*EXTRACTED ENTRIES:*
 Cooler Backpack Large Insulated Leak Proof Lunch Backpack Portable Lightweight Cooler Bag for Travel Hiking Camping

* * *

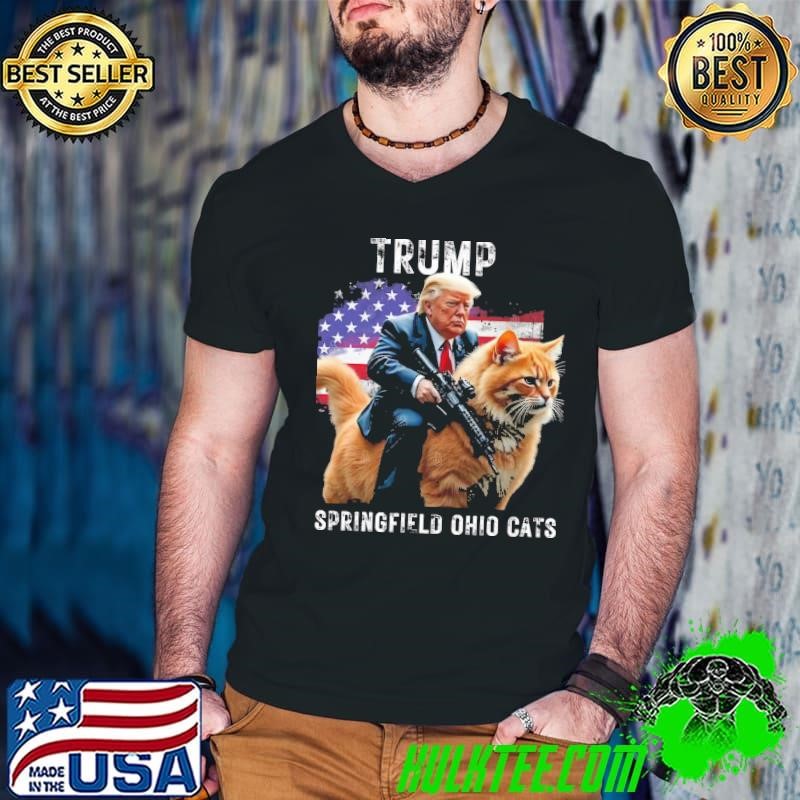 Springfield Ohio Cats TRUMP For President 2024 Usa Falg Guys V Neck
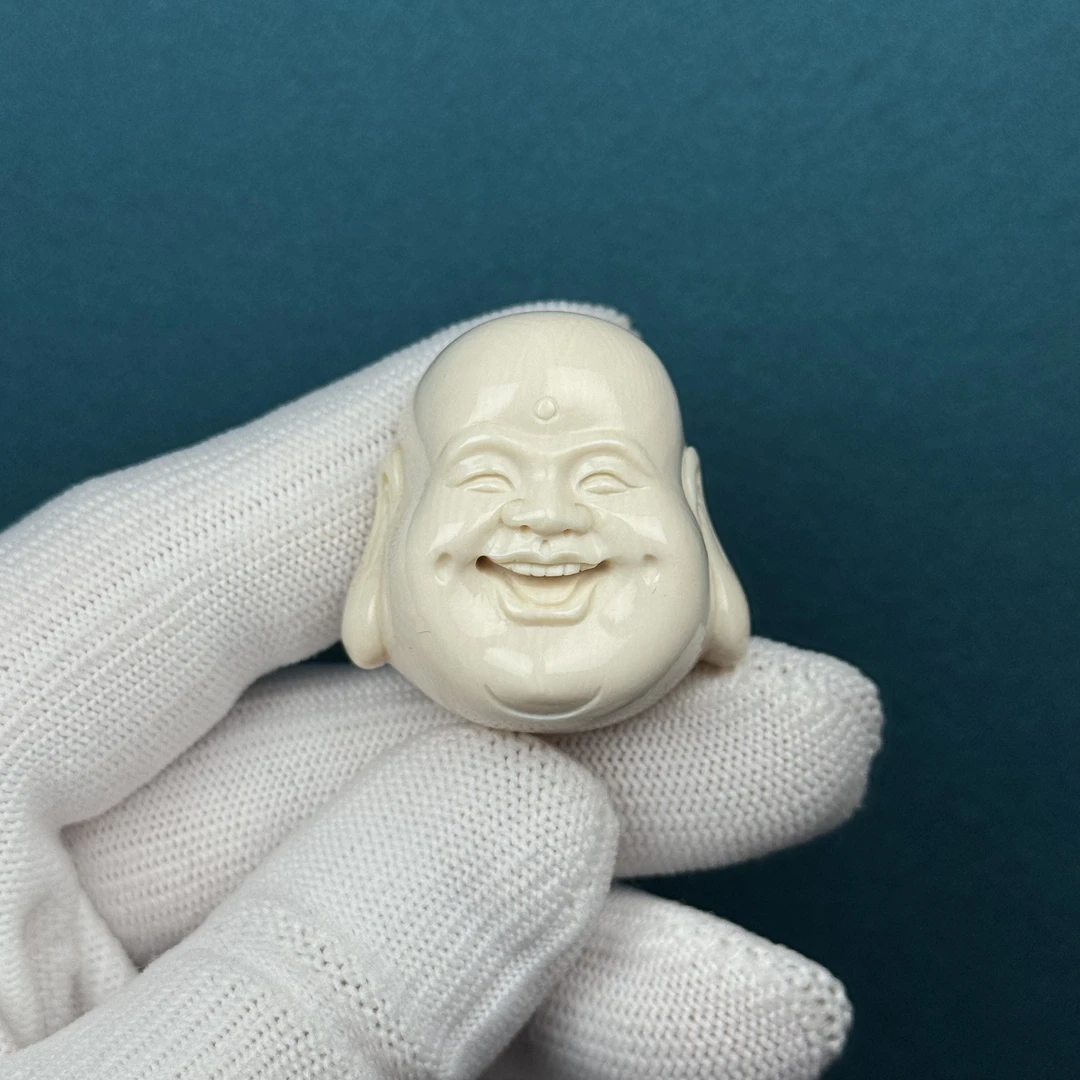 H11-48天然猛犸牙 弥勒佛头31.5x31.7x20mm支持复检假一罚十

*AIM OF THE TASK:* Transcribe only this stretch of the data: the line with "Springfield Ohio Cats", the line with "H11-48天然猛犸牙 弥勒佛头31.5x31.7x20mm支持复检假一罚十", and every line in between. Leave out the pictures.

*REPLY:*
 Springfield Ohio Cats TRUMP For President 2024 Usa Falg Guys V Neck
 H11-48天然猛犸牙 弥勒佛头31.5x31.7x20mm支持复检假一罚十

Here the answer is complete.